Flexionsmittel: Umlaut und Ablaut
Neben der Affigierung als gebräuchlichstem Flexionsmittel werden im Deutschen Flexionskategorien auch durch Stammveränderung angezeigt. Die Stammveränderung kann ihrerseits durch Umlaut oder Ablaut erfolgen. Die Nominalflexion kennt nur den Umlaut, die Verbflexion beides. In der Substantivflexion wird der Umlaut zur Anzeige von Plural eingesetzt. Dabei kann der Umlautallein (z.B. Laden vs. Läden) oder in Kombination mit einem Pluralsuffix auftreten (Wald vs. Wäld-er). In der Adjektivflexion wird bei der Steigerung der Umlaut immer mit dem Steigerungssuffix kombiniert, wenn das Adjektiv einen umlautfähigen Vokal enthält (klug – klüg-er – am klüg-sten).

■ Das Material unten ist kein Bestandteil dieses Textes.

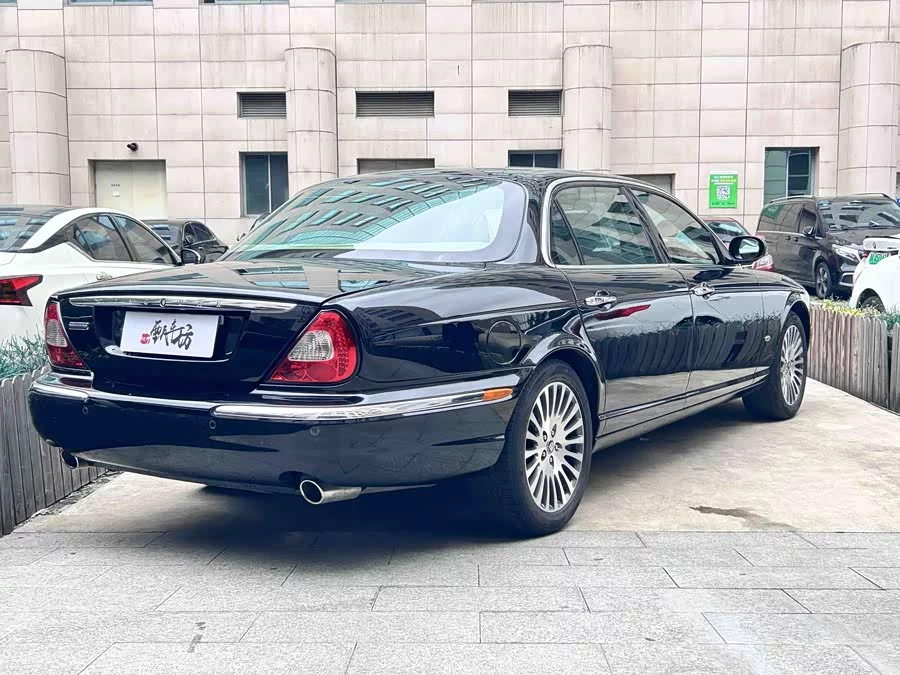 Jaguar XJ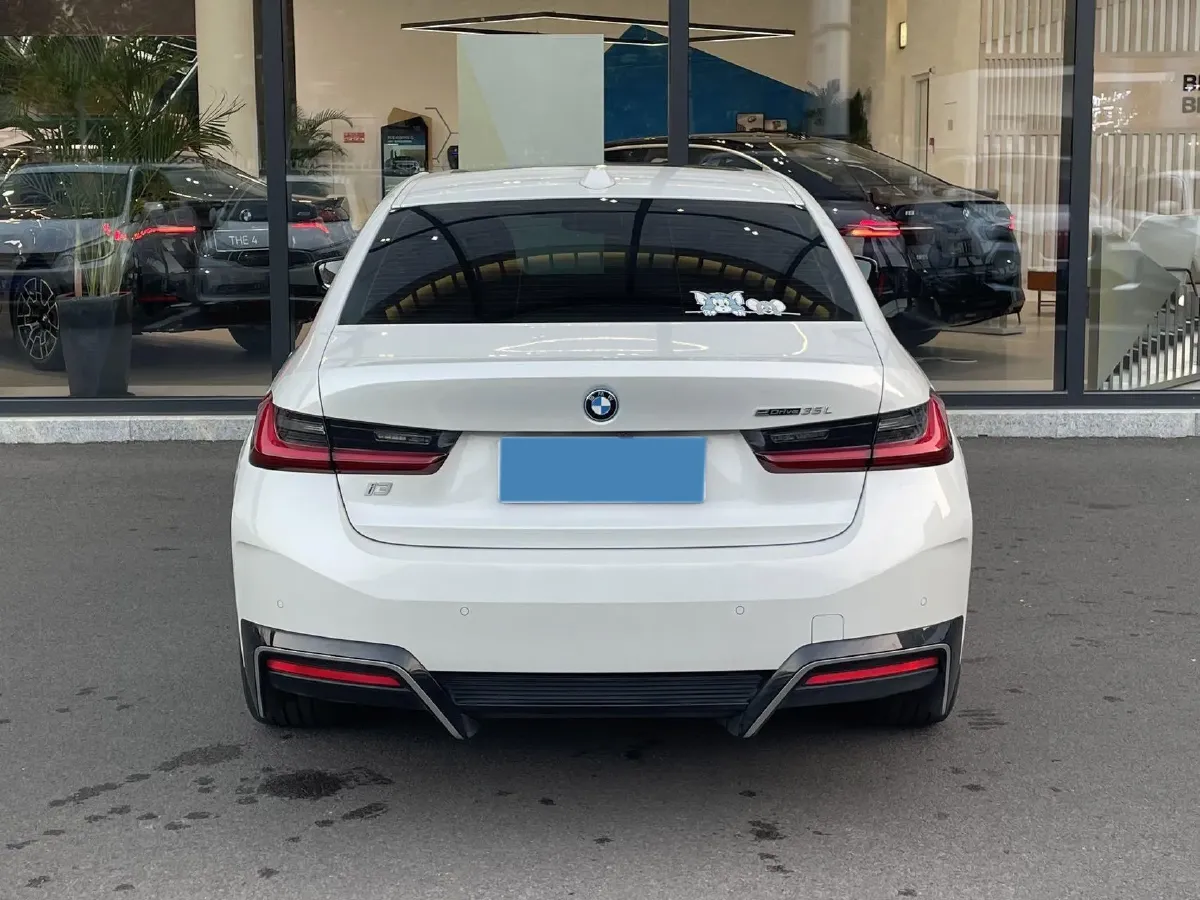 2024 BMW i3 BEV 70KWH,autocango,china used car exporter,china ev exporter,chinese used car exporter,chinese used ev exporter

Im Bereich der Verbflexion wird der Umlaut zur Markierung des Konjunktivs II bei den so genannten starken und unregelmäßigen Verben verwendet. Bei diesen Gruppen von Verben wird der Konjunktiv II dadurch gebildet, dass beim Vorliegen eines umlautfähigen Vokals die Präteritalform umgelautet wird (z.B. wir boten – wir böten, er brachte – er brächte). Durch den Ablaut werden Präterital- bzw. Partizip-II-Formen gebildet (z.B. sprechen – sprach – gesprochen). Beim Ablaut wird, anders als beim Umlaut, der Grundvokal im Verbstamm nicht nur durch den Umlaut modifiziert, sondern durch einen anderen Grundvokal ersetzt. Gelegentlich wird bei der Verbflexion der Ablaut mit Wechsel des Stammkonsonantismus kombiniert (z.B. ziehen – zog, gehen – ging).
Suppletion
Suppletion ist eine weitere Form von Flexion, die aber viel seltener auftritt als die Affigierung und die Stammveränderung durch Umlaut oder Ablaut. Suppletivformen weisen keine oder nur mittelbare morphologische Ähnlichkeit mit dem zugrunde liegenden Lexem auf. Suppletion tritt im Deutschen in der Verb- und Adjektivflexion auf. Wie es auch in vielen anderen europäischen Sprachen der Fall ist, handelt es sich bei den Präsens- und Präteritalformen des Verbs sein (z.B. bin, bist, ist… bzw. war, warst, waren…) um Suppletivformen. Suppletion im Flexionssystem des Deutschen begegnet uns auch im Bereich der Adjektivsteigerung, wo die Komparativ- und Superlativformen einen völlig anderen Stamm haben als die entsprechenden Grundformen des Adjektivs (viel – mehr – am meisten, gut – besser – am besten, gern – lieber – am liebsten).